O mercado está trabalhando com uma quebra de 15% a 20% para o feijão preto. As chuvas prejudicam as lavouras que estão em fase de colheita e também as recém-instaladas. Na região Centro Sul, onde predomina o feijão preto, os produtores perderam o primeiro plantio com o apodrecimento do grão em função do excesso de umidade. Além de descapitalizados eles estão temerosos em plantar novamente diante da indefinição do tempo, afirmou Luiz Antonio Andreazza, cerealista da região de Irati.
Já o preço de feijão de cor está calmo e o mercado nacional é abastecido pela região Nordeste o que elimina a pressão sobre a produção paranaense, afirmou o cerealista Cícero Malucelli, da corretora Malucelli. O corretor admite que já se fala em perdas na região extremo-Oeste do Estado mas salientou que ainda é muito cedo para falar em perda de safra. Ele concorda com o diretor do Deral, Norberto Ortigara, que os prejuízos com o feijão de cor só serão evidentes mais tarde quando acabar a produção do Nordeste e o mercado se voltar ao Paraná.

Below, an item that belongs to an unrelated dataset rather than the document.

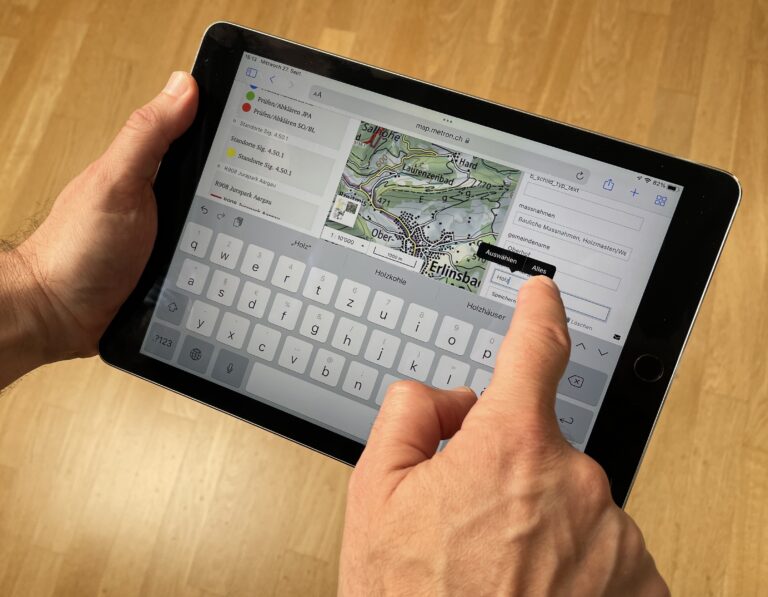 Zusammenarbeit in GIS auf einem Tablet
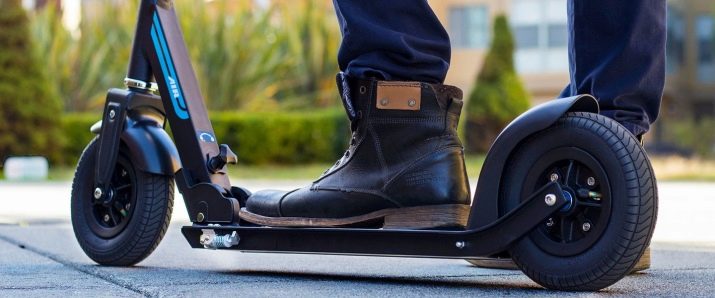 Самокат з великими колесами (44 фото): вибираємо моделі з широкими колесами і амортизаторами до 100 кг та інші самокати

Andreazza calcula que na região Centro-Sul pelo menos 80% das lavouras de feijão preto nos municípios de Irati, Mallet e São Mateus do Sul foram afetadas pelas chuvas. Normalmente, a produção dessa região atinge 370 mil sacas e pelo menos 40% desse total está perdido, garante. Esse percentual poderá ser revertido se houver replantio, acrescentou. Em função disso ele prevê que a complicação maior quanto ao abastecimento vai ocorrer a partir de janeiro, quando se deve agravar o quadro de escassez.
Segundo o cerealista, a falta de feijão preto é geral também em outros Estados da federação. E o mercado que se abastece de importações da Argentina não tem onde recorrer porque a safra se esgotou também naquele país. O cerealista Paulo de Tarso Maranhão, da Cerealista Paiol, disse que este ano o feijão preto foi importado da Argentina, China, Chile e até dos EUA.
Preço Essa escassez já está refletindo nas cotações do produto que aumentou de R$ 40,00 a saca para R$ 45,00 nos últimos 15 dias. Na avaliação de Andreazza o mercado consumidor (praça do Rio de Janeiro) está calmo, o que justifica a falta de pressão sobre o setor produtivo. Se o mercado estourar já se fala inclusive em importar feijão dos EUA para completar o abastecimento. Normalmente se fala em importação no segundo semestre e se as perdas se agravarem este ano, as importações poderão ser acionadas a partir de maio de 98.
Os cerealistas estão com a atenção voltada para a região Centro-Sul do Paraná, principal fornecedora de feijão preto para o País, apesar de o consumo representar apenas 10% do mercado nacional. Ocorre que a importância dos consumidores concentrados nas praças do Rio de Janeiro e Porto Alegre justifica essa preocupação.